La unidad de información de «Lloyd's» había sido informada poco después de las diez. Un buque mercante inglés, que transportaba cereales, se disponía a entrar en el estuario del Mosa para ir a Rotterdam, cuando el
Freya
había hecho su llamada de las 09.00 a Control del Mosa. El radiotelegrafista había oído toda la conversación, la había anotado al pie de la letra en taquigrafía y había dado cuenta de ella a su capitán. Seguidamente, éste la había dictado al agente de su barco en Rotterdam, el cual la había transmitido a su oficina principal de Londres. La oficina había llamado a Colchester, Essex, y repetido la noticia a «Lloyd's». Este había informado a los presidentes de las veinticinco empresas de seguros afectadas. El consorcio que había concertado el seguro de 170 millones de dólares sobre el
Freya
era muy grande, y también lo era el grupo de empresas que había cubierto el riesgo del cargamento de un millón de toneladas para Clint Blake, de Texas. Pero, a pesar de la importancia del
Freya y
de su cargamento, la póliza individual más importante era la del seguro de «Protection and Indemnity». Esta póliza sería la que costaría mas dinero si era volado el
Freya
.
Poco antes del mediodía, el presidente de «Lloyd's», en su oficina de la City, contempló fijamente los breves cálculos que había anotado en su bloc.

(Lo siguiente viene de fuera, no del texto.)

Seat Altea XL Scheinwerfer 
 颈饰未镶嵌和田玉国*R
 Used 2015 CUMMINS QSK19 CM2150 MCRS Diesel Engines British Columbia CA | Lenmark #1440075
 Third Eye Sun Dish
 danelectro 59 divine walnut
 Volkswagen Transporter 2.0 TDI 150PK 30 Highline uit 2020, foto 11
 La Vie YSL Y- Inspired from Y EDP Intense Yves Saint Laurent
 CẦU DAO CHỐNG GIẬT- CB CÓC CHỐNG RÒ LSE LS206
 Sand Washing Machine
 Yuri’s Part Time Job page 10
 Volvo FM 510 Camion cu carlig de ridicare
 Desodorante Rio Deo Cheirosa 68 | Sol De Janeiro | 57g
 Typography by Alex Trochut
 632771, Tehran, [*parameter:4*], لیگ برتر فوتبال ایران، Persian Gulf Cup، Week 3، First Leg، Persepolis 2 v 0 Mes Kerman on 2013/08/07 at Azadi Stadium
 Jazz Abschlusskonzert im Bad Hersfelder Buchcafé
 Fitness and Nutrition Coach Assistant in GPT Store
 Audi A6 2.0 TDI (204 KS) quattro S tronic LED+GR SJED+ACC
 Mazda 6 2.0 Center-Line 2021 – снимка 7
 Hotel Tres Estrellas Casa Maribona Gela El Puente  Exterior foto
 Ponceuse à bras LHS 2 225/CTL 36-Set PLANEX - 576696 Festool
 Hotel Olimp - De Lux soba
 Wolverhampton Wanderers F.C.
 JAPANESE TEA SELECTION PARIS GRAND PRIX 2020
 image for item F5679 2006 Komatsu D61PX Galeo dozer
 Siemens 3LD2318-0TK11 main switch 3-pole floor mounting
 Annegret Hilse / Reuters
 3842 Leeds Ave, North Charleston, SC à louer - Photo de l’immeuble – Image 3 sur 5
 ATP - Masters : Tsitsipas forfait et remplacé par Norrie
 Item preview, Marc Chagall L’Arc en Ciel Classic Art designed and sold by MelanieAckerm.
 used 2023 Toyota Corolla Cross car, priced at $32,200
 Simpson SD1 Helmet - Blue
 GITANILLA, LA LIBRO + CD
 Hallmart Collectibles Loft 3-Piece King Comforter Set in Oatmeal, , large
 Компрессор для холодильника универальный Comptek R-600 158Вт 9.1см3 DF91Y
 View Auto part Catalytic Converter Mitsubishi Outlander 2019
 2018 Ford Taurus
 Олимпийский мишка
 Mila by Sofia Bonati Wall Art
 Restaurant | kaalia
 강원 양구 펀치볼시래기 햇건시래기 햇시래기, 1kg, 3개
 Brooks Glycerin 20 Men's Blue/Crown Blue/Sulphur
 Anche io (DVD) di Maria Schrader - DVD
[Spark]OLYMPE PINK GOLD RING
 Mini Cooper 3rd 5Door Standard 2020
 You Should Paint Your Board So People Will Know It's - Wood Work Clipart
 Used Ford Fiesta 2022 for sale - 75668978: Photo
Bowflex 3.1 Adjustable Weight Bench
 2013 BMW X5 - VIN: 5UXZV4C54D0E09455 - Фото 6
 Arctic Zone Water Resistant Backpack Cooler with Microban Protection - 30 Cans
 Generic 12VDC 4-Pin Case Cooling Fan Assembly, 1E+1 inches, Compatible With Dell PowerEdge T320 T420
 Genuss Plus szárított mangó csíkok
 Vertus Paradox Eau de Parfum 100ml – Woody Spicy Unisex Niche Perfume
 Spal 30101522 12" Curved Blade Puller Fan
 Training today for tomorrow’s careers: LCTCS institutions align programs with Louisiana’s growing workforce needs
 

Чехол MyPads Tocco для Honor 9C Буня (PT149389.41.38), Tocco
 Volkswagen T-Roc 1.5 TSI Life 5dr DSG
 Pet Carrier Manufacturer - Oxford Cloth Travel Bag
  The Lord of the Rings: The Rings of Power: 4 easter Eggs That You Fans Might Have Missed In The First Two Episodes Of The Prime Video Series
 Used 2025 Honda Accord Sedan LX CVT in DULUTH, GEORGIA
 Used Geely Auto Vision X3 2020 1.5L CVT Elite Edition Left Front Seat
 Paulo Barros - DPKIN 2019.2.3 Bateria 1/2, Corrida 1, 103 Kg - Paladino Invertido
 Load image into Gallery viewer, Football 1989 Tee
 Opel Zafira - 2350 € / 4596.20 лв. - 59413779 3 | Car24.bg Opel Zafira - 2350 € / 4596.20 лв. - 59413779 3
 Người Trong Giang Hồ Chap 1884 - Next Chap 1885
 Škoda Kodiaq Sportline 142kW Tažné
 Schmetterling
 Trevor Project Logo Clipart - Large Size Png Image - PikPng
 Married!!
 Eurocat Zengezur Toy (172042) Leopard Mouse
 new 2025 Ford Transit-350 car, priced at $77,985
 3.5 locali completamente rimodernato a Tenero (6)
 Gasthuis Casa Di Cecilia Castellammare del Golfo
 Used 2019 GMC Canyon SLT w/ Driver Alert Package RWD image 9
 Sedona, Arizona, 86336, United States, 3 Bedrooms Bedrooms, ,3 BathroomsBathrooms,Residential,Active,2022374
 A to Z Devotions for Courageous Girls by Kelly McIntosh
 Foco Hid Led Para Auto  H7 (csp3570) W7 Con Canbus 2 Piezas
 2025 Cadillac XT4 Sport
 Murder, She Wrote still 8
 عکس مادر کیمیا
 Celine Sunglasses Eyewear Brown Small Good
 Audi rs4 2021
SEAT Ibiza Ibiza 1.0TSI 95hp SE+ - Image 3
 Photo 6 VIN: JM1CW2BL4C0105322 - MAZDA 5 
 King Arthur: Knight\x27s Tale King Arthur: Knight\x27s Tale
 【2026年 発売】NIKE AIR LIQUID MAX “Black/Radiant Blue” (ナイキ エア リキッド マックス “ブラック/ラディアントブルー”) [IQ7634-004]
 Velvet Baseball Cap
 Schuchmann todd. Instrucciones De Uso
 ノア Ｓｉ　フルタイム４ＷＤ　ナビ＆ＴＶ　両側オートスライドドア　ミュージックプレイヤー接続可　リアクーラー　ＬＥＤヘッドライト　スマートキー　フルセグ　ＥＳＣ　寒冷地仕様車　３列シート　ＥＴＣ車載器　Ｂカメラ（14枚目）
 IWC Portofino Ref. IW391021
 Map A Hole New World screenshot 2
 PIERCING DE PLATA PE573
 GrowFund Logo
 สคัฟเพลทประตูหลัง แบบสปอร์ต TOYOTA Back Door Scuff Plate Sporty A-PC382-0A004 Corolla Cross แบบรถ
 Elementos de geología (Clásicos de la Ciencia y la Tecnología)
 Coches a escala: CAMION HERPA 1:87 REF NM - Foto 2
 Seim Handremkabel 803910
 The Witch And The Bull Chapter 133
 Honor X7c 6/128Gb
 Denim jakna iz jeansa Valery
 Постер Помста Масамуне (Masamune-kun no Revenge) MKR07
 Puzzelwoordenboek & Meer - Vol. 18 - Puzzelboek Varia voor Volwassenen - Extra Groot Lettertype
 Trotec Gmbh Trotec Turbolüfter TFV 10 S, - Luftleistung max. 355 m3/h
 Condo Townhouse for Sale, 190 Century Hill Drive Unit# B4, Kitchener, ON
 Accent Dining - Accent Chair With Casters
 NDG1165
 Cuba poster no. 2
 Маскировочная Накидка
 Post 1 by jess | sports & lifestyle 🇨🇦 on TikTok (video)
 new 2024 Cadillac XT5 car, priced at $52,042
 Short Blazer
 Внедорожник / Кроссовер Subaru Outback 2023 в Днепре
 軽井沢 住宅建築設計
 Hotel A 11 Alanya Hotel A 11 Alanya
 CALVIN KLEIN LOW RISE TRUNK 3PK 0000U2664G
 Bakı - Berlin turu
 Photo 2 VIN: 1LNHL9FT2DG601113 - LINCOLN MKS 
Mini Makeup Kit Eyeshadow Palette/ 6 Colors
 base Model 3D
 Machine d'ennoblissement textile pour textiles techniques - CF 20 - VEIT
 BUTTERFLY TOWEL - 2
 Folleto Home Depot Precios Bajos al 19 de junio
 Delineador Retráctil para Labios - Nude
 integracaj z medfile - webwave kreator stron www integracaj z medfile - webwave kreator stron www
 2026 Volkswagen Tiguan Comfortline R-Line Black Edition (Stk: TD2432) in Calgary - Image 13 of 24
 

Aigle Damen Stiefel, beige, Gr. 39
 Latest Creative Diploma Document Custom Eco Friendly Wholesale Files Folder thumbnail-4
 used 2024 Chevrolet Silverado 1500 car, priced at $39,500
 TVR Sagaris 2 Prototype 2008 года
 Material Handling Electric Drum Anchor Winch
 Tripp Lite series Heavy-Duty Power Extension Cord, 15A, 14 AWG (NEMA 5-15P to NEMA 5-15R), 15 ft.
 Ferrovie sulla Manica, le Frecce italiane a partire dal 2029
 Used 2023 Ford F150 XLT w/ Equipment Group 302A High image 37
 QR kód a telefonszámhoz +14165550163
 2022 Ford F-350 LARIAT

—Si ocurre lo peor —dijo a su secretario particular—, nos enfrentaremos con una pérdida de unos mil millones de dólares. ¿Quién diablos
es
esa gente?
El jefe de «esa gente» estaba sentado en el epicentro del creciente temporal, frente al barbudo capitán noruego, en el camarote de día, debajo del ala de estribor del puente del
Freya
. Las cortinas estaban descorridas, dando paso a los cálidos rayos del sol. A través de las ventanas se divisaba una vista panorámica de la cubierta silenciosa, con su extensión de cuatrocientos metros hasta el castillo de proa.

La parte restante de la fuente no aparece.